O „pladze” os w nadmorskich kurortach mówiły m.in. Radio Koszalin i Radio Szczecin. To pierwsze przytaczało oświadczenie Burmistrza Dziwnowa Grzegorza Jóźwiaka, który powiedział, że gmina nie będzie prowadzić akcji zabijania os (mimo że są zdaniem turystów agresywne – przyp. red.) np. opryskami, ponieważ preparat zabiłby także pszczoły.

Z kolei Szczeciński Zakład Dezynfekcji, Dezynsekcji i Deratyzacji potwierdza lokalnej rozgłośni, że „plaga os jest też w Szczecinie, ale do ich tępienia nie można używać np. oddymiania, jak w przypadku komarów, ponieważ preparat zabija także pszczoły”. Zatem gminy niewiele mogą zrobić.

JAK JEST W SOPOCIE?

Od kilku dni mieszkańcy informują o zwiększonej aktywności os. Te mają pojawiać się w mieszkaniach, lokalach gastronomicznych, przy stoiskach z żywnością. Straż pożarna potwierdza, że wezwań jest więcej, a podobna aktywność owadów jest obserwowana w latach, gdy pojawiają się upały.

– W tym sezonie wezwań jest więcej niż w zeszłym roku. To spowodowane jest ładną pogodą i większym ożywieniem się owadów. Pojawiają się prośby o usuwanie gniazd os czy szerszeni. Jeśli zobaczymy takie gniazdo, nie należy się do niego zbliżać. Trzeba zabezpieczyć miejsce przed dostępem innych osób. Jeśli to np. garaż, zamknijmy drzwi i wezwijmy odpowiednią firmę. Jeśli to miejsce publiczne: szkoła, przychodnia, elewacja budynku przy nadmorskim deptaku, będzie nieco trudniej – mówi Janusz Gawlak z Państwowej Straży Pożarnej w Sopocie.

Strażacy proszą, by nie nadużywać ich pomocy. Właściciele prywatnych posesji powinni raczej skorzystać z usług wyspecjalizowanych firm. Straż wkracza jednak także i na prywatne posesje, jeśli jest wzywana, szczególnie gdy wezwanie pochodzi od osoby starszej i samotnej, która nie radzi sobie z zagrożeniem, bądź uczulonej albo kiedy gniazdo znajduje się na posesji, ale osy zagrażają przechodniom. Wówczas dowódca ocenia sytuację, a załoga wozu, używając specjalnych kombinezonów, usuwa gniazdo.

Fot. pixabay.com

LATA OSA KOŁO NOSA

Lekarze pogotowia nie mieli w poniedziałek czasu na udzielanie informacji, jednak w sopockiej przychodni na Chrobrego (mieści się tam stacja pogotowia – przyp. red.) pojawiają się osoby cierpiące w wyniku użądleń.
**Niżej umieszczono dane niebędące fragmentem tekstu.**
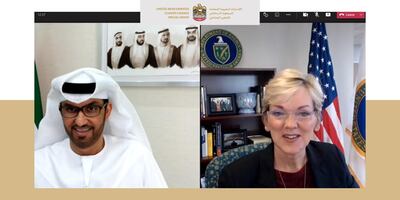 UAE Special Envoy for Climate, Dr Sultan Al Jaber, and US Secretary of Energy, Jennifer Granholm. Both sides underlined their commitment to tackling climate change. 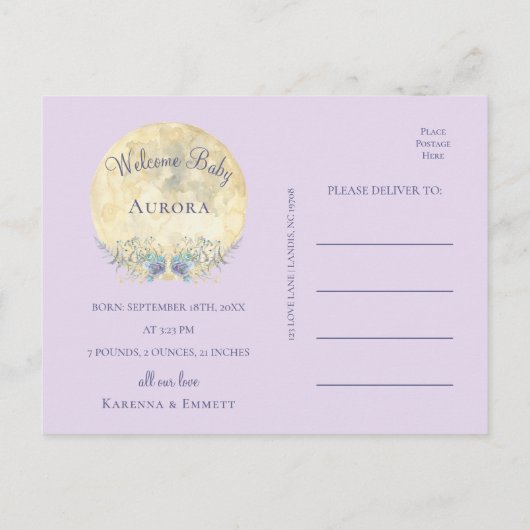 月お洒落紫写真誕生のお知らせ 案内ポストカード (裏面)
– Nie wiem, czy to była osa, możliwe. To stało się tak nagle, ból jak widać jest duży, ręka puchnie. Jestem przestraszona tym bardziej, że to nie moje dziecko – mówi opiekunka nastolatka. Chłopiec przykłada lód do opuchniętej dłoni.

– Zdecydowanie gorzej jest w górnym Sopocie. Tam mieliśmy spory problem, cztery gniazda os i dwa gniazda szerszeni w jednym domu. Niestety to odstraszyło nam gości z pensjonatu, bo osy pogryzły ludzi – narzeka właścicielka kilku miejsc noclegowych w Sopocie.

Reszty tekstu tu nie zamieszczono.